Child Visitation Florida
The Florida Statutes and Family Code give clear information about how child custody cases are handled in the state. Title 6, Chapter 61: Dissolution of Marriage, Support, and Custody contains the specific information about the laws and guidelines that determine child custody arrangements. In this chapter, it states that the parenting plan must “describe in adequate detail…the time-sharing schedule arrangements that specify the time that the minor child will spend with each parent”. This means that Florida law places the utmost importance on a good child custody and visitation schedule. As parents make this time-sharing schedule, they must familiarize themselves with parts of the custody laws. Here are some laws that can help parents create their schedule.
1. The parents must both have adequate time with the child. Chapter 61 states that the minor children should have “frequent and continuing contact with both parents after the parents separate”. So, when a mother and father create a custody schedule, they should be sure to give enough time to both parents to be with the child. A Florida court will not accept a schedule where one parent is given all of the time. Parents should look at the needs of the children and figure out how to best allow both parents to be involved. The law further encourages parents to share all aspects of childrearing. To do this, each parent should have long enough visits to bond with the children and to perform different responsibilities and be involved in different aspects of the childs life.
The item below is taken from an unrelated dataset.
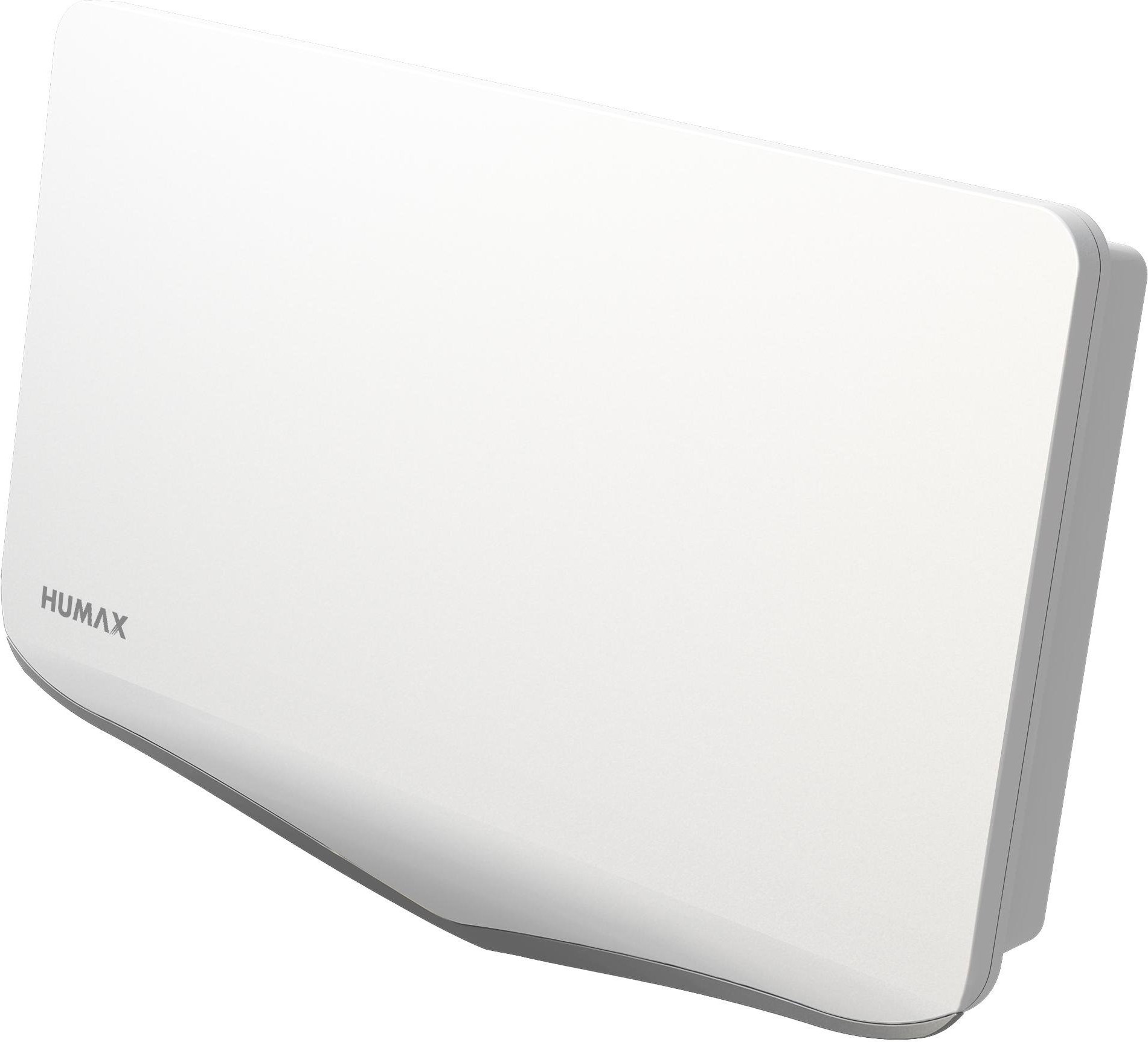 Flat H40D2 hellgrau Flachantenne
2. Each parent has an equal right to custody of the child. Chapter 61 gives the guarantee that Florida has no presumption for or against the father or mother of the child or for or against any specific time-sharing schedule. Sometimes a mother will feel that she should automatically get custody of the children, or a father doesnt feel like he even has a chance to get custody or fair visitation. The court will not automatically grant custody to the father or mother just because they are the father or mother of the children. There is also no preference for any type of time-sharing schedule. This means that parents need to base all of their custody decisions on what is best for the children and come up with the schedule that way.
3. There is a presumption for shared custody. Chapter 61 also requires that the court order the parents to have shared custody unless there is ample evidence that shared custody would harm the child. Parents should do everything in their power to work together on the custody and visitation schedule so that the parental responsibilities are shared. If they cant work together, a parent shouldnt expect the court to easily accept a schedule that doesnt have shared parenting time. If a mother or father doesnt want the other parent included in the childs life, there must be good reasons and evidence why.